When Callie is sweet, she is so very sweet. When you sing her a song at night she strokes your hair, she touches your cheeks, she smiles at you with her devilishly sweet little face. That is one up-side of her intensity. When you find her in a good mood, when you agree with what she wants, you will never meet a more angelic, a more stunningly joyful, bright, and beautiful little girl. The other benefit of her intensity is this, and I have known this to be true since she was just a few weeks old. This child will grow into a woman who will not be pushed around, who will never be abused, who will make her opinion known and who will get what she wants. What an honor it is to be given the responsibility of raising such a child. I have to believe that God believes that Scott and I can raise Callie to want good, to want to give, to want the best for those around her. I have to believe that, because a child with a personality like Callie's could become a monster, a menace to those around her. If her energy is not directed toward something positive, she could be very destructive. But with the right direction at this formative time in her life, she should grow into a constructive, positively influential adult. And so I am trying to be careful.

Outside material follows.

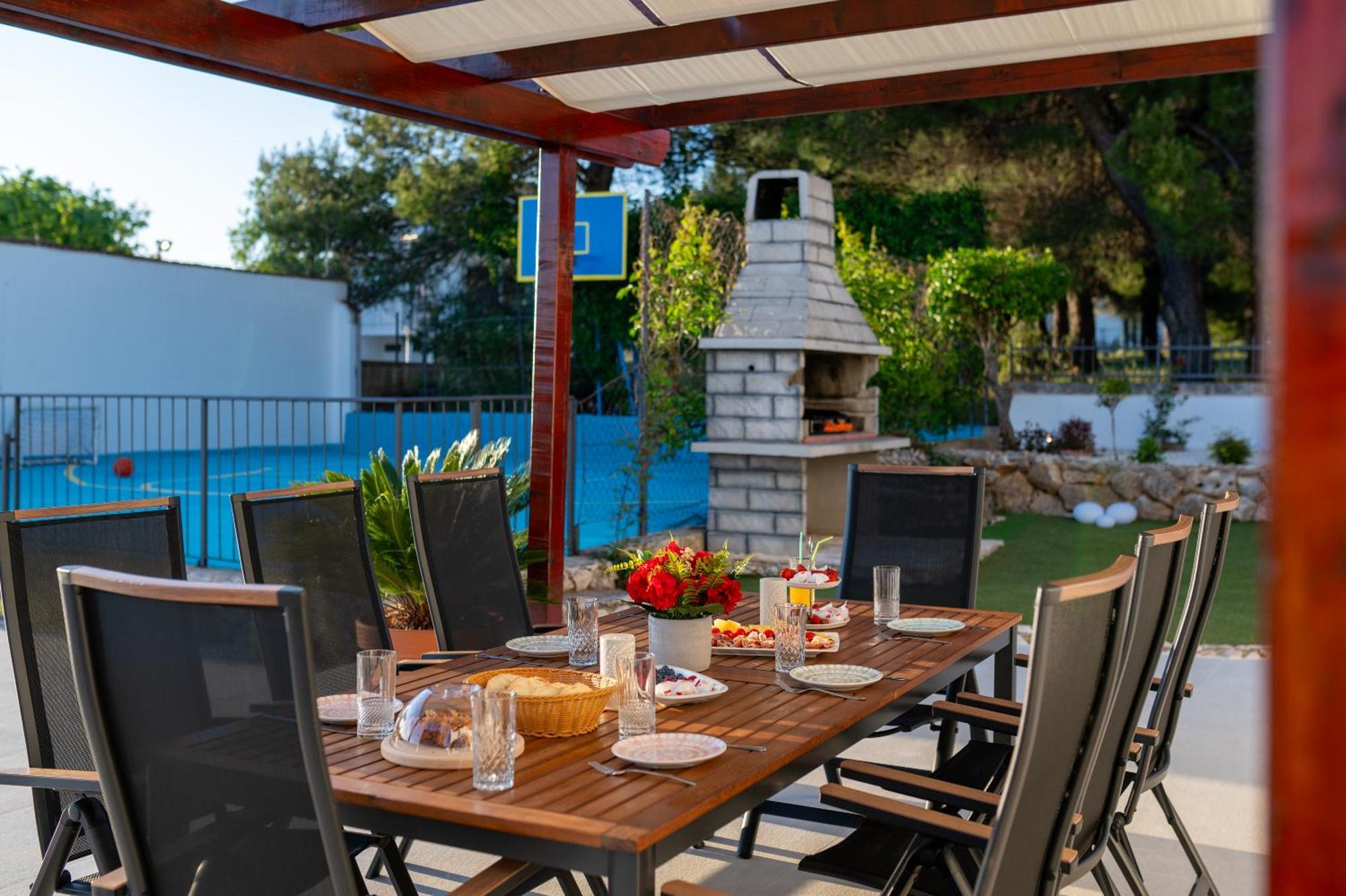 Villa Plenca - Heated Pool ! Шибеник Экстерьер фото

I am trying to choose her activities, her friends, her environments carefully so that she will be exposed to only those things that will help her to become what God has envisioned for her. But, sometimes we battle and when we do she often wins. And when she wins I tend to look ridiculous. And I'm sure that when I look ridiculous, as soon as I look away from her, she sits back, crosses her arms, and with sparkling eyes, she giggles. She's a winner...and she knows it.